**What the exercise asks**
Reproduce the records below in full and exactly, without their images.

**Dataset excerpts**
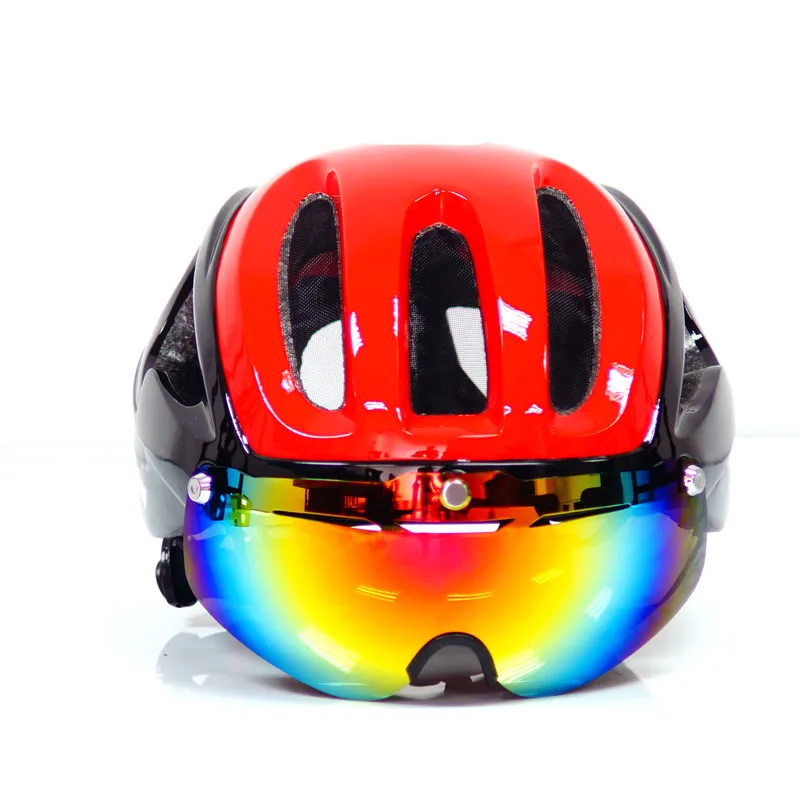 MTB Велоспорт шлем Мужской велосипедный линзы серого цвета козырек очки Горные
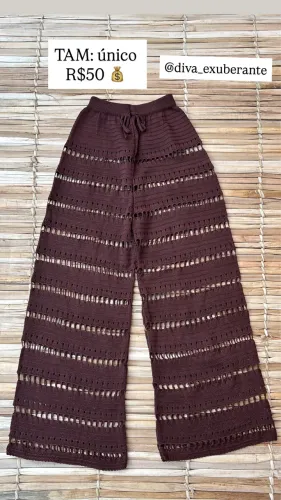 Calça tricô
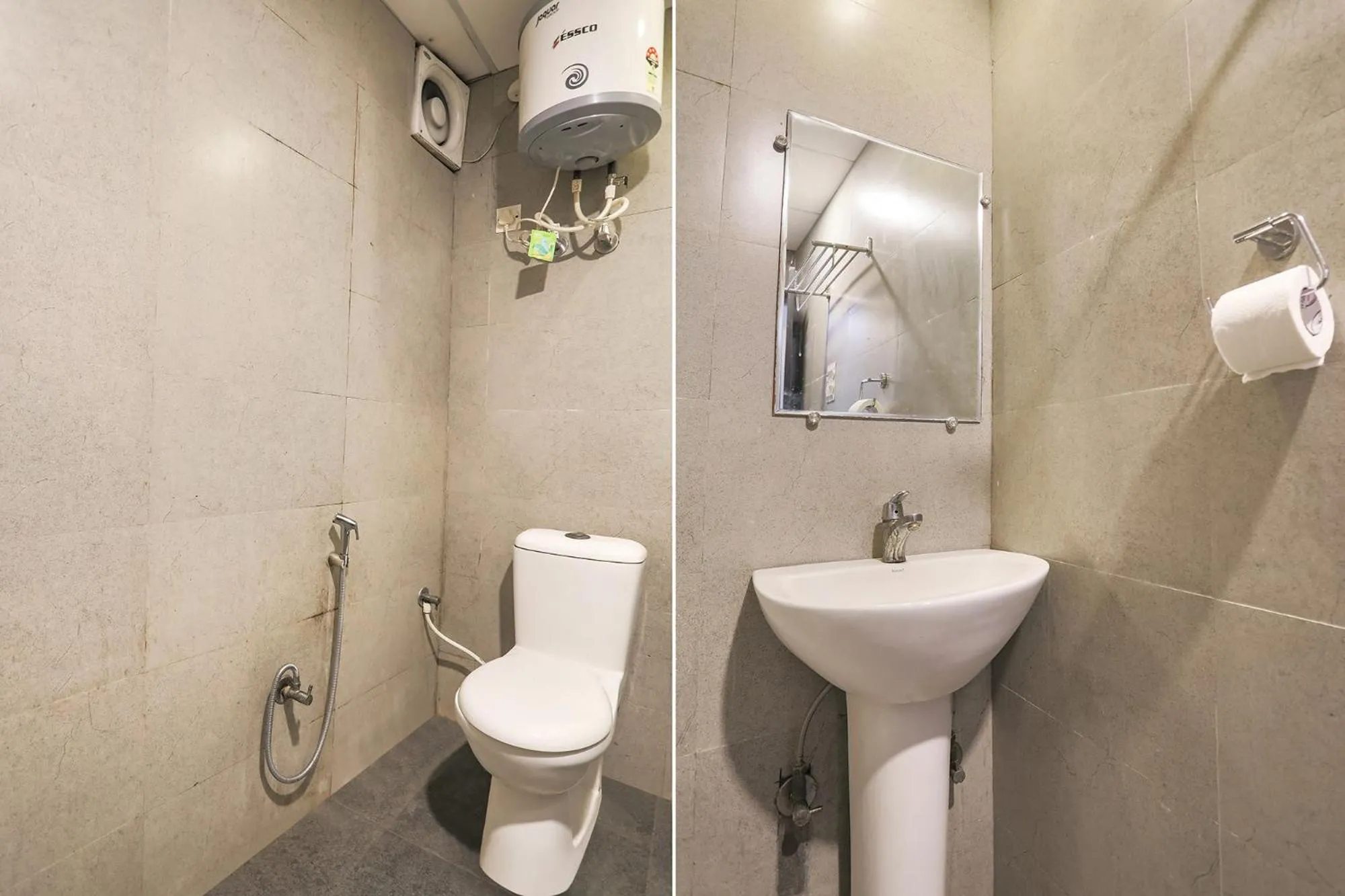 Bathroom in FabHotel The Diamond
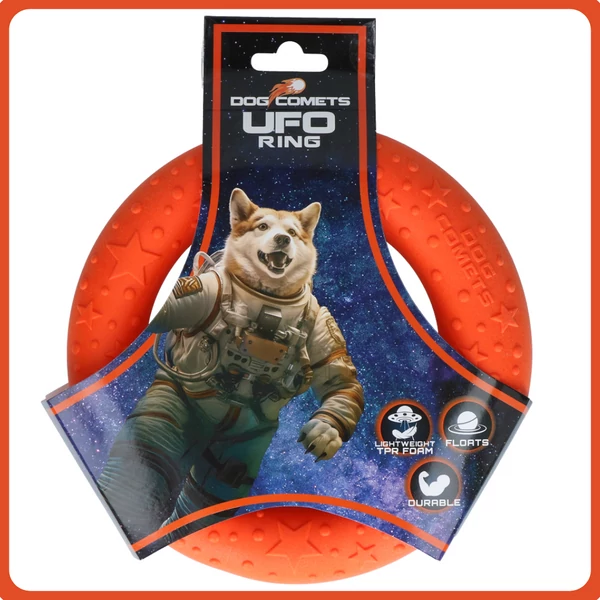 Dog Comets UFO ring - narancs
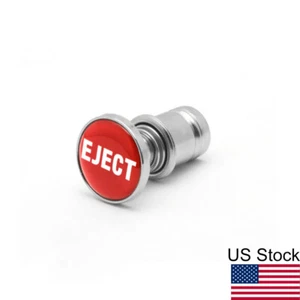1Pcs Red Eject Push Button Design Console Internal Cigarette Lighter Plug Cover - Picture 1 of 7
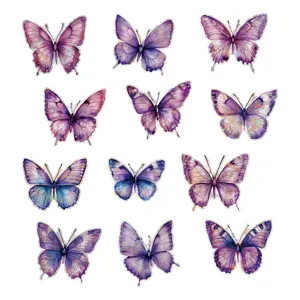 Bunte Schmetterling Fensteraufkleber PVC Glas Statische Aufkleber Schlafzimmer Dekor.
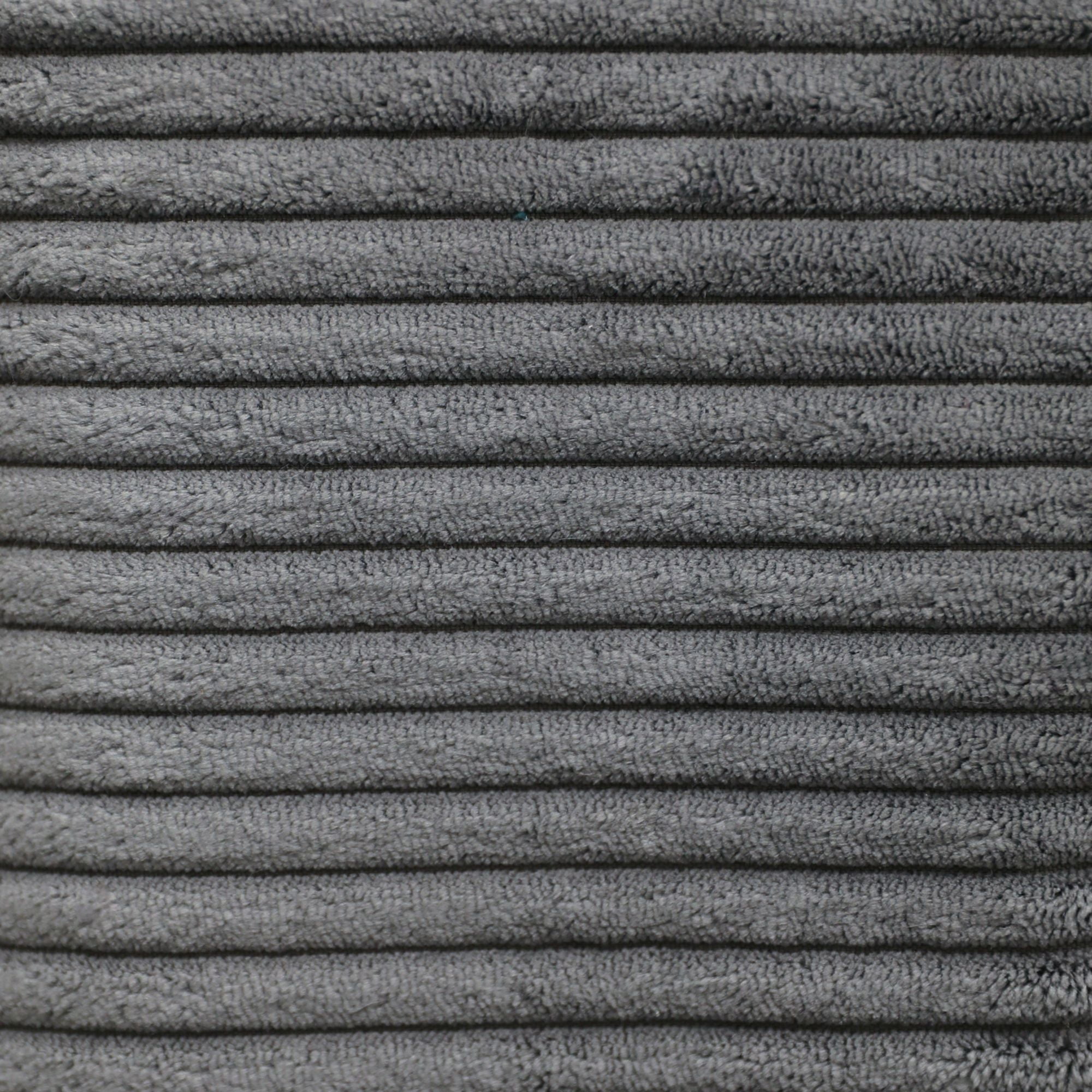Picket House Furnishings Mesa Modular Ottoman in Steno Charcoal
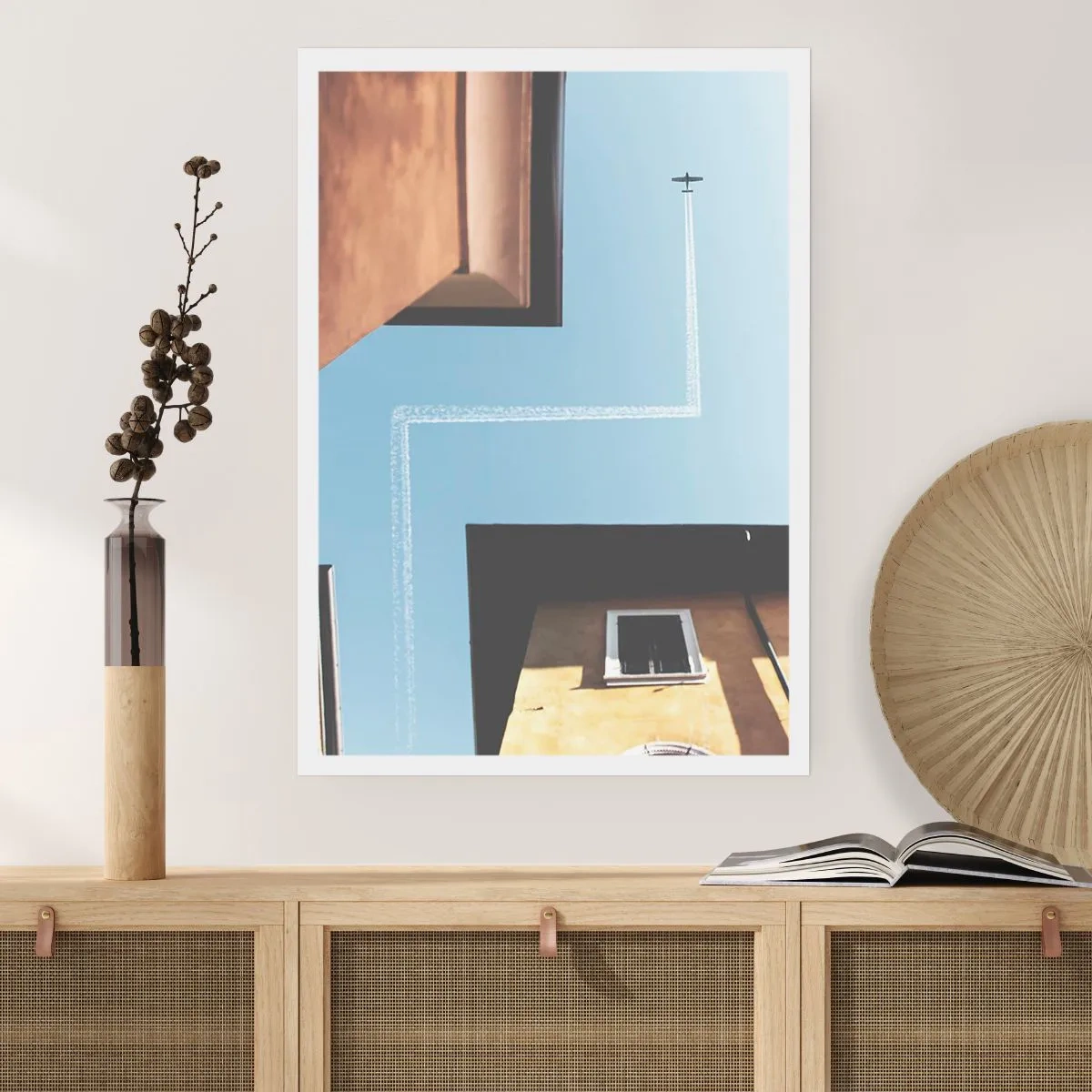 Poster - Deasupra labirintului urban - 70x100 cm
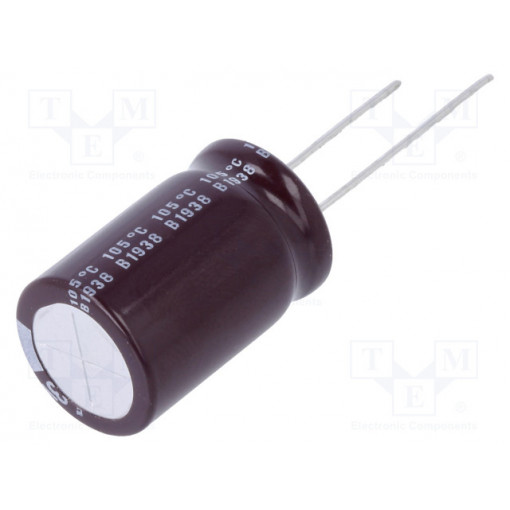 UPW0J682MHD1TN; Capacitor: electrolytic; THT; 6800uF; 6.3V; ±20%; -55÷105°C; NICHICON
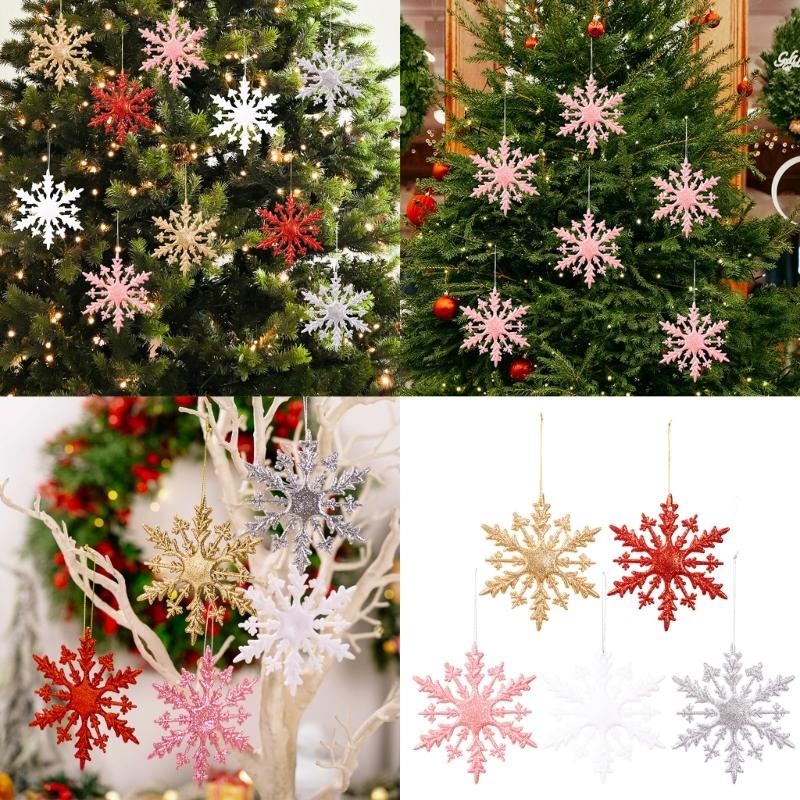 6PCS Celebratory Suspended Decorations Impermeable Strong PVC Substance Holiday Telecommute Christmas Tree Deck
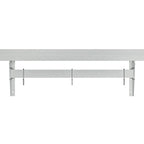 Thumbnail image #6 for Koolmore WMPS-1236 36 x 12-Inch Wall-Mounted Stainless Steel Shelf with Pot Rack and 3 Removable Hooks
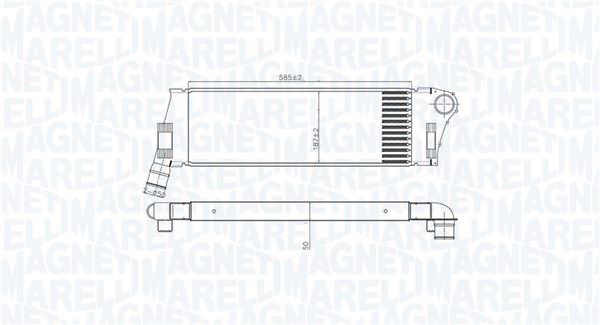 Chłodnica powietrza doładowującego MAGNETI MARELLI 351319206240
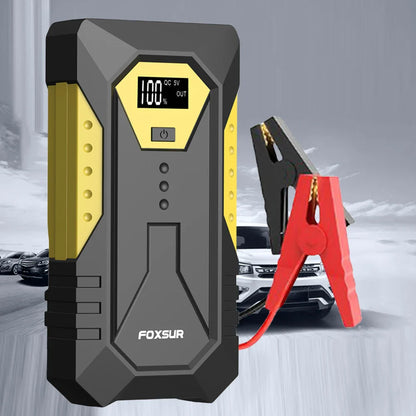 26800mAh Car Jump Starter Power Bank - 12V Portable Battery Booster Charger with 800A Emergency Starter for Car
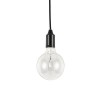 Suspension EDISON Noir 1x60W IDEAL LUX 113319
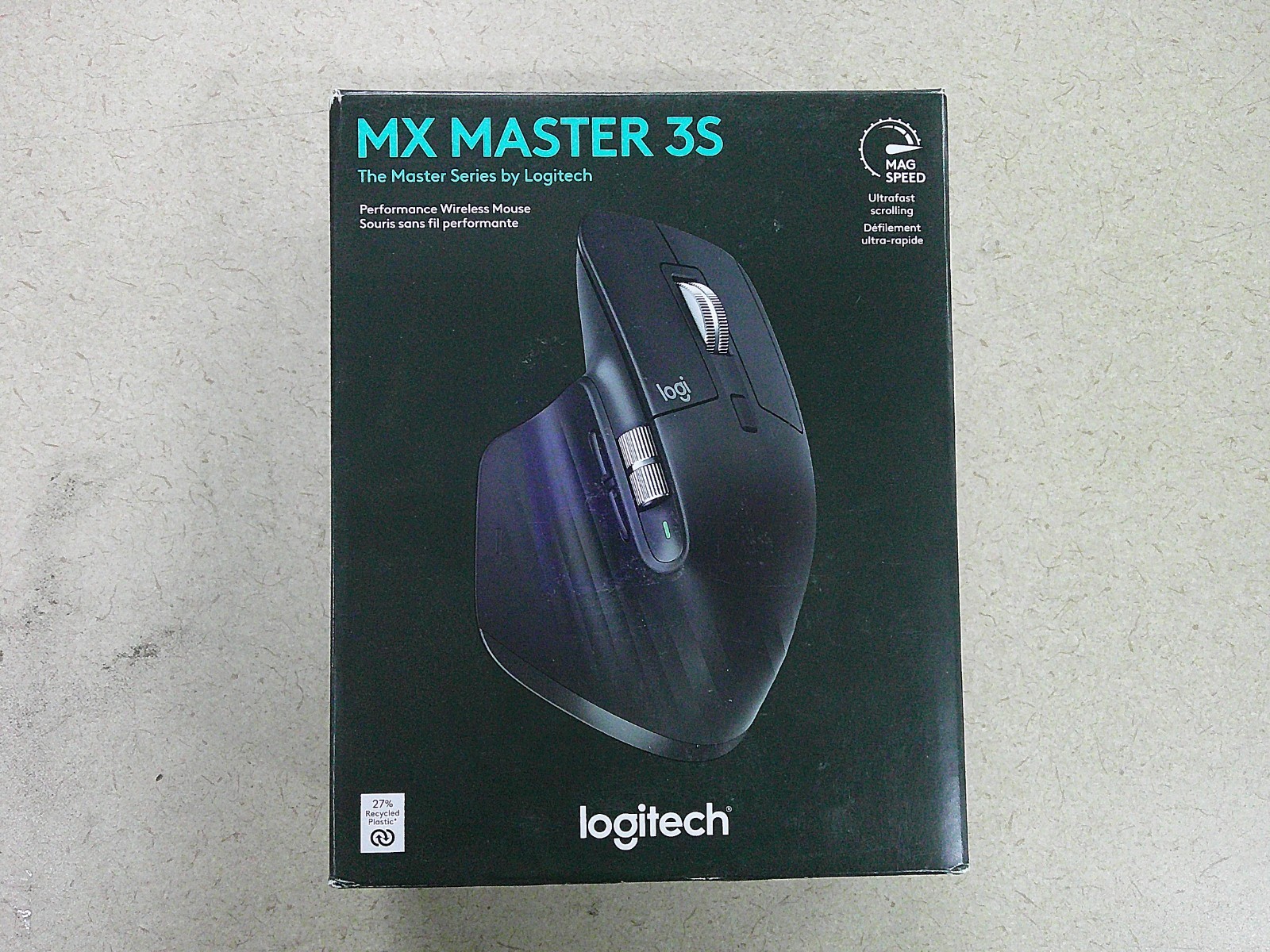 Logitech MX Master 3S Wireless Mouse Black 910-006556 Brand New Sealed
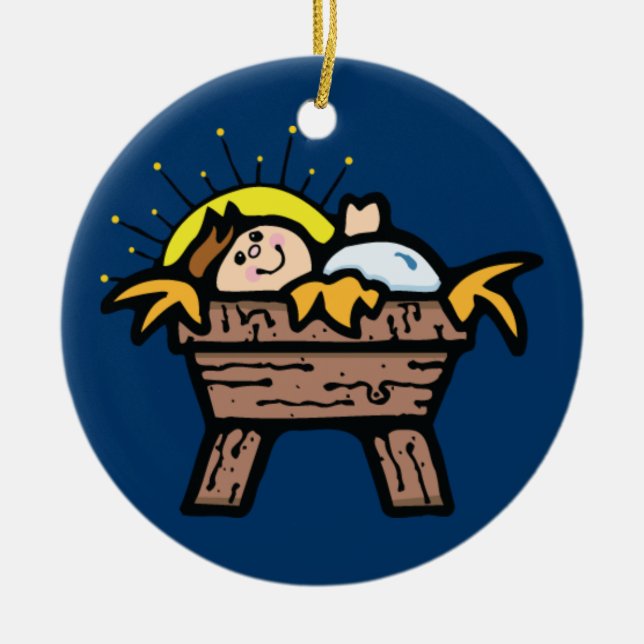 Babyjesusschmuck Keramikornament (Vorne)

**Answer**
 MTB Велоспорт шлем Мужской велосипедный линзы серого цвета козырек очки Горные
 Calça tricô
 Bathroom in FabHotel The Diamond
 Dog Comets UFO ring - narancs
1Pcs Red Eject Push Button Design Console Internal Cigarette Lighter Plug Cover - Picture 1 of 7
 Bunte Schmetterling Fensteraufkleber PVC Glas Statische Aufkleber Schlafzimmer Dekor.
Picket House Furnishings Mesa Modular Ottoman in Steno Charcoal
 Poster - Deasupra labirintului urban - 70x100 cm
 UPW0J682MHD1TN; Capacitor: electrolytic; THT; 6800uF; 6.3V; ±20%; -55÷105°C; NICHICON
 6PCS Celebratory Suspended Decorations Impermeable Strong PVC Substance Holiday Telecommute Christmas Tree Deck
 Thumbnail image #6 for Koolmore WMPS-1236 36 x 12-Inch Wall-Mounted Stainless Steel Shelf with Pot Rack and 3 Removable Hooks
 Chłodnica powietrza doładowującego MAGNETI MARELLI 351319206240
 26800mAh Car Jump Starter Power Bank - 12V Portable Battery Booster Charger with 800A Emergency Starter for Car
 Suspension EDISON Noir 1x60W IDEAL LUX 113319
 Logitech MX Master 3S Wireless Mouse Black 910-006556 Brand New Sealed
 Babyjesusschmuck Keramikornament (Vorne)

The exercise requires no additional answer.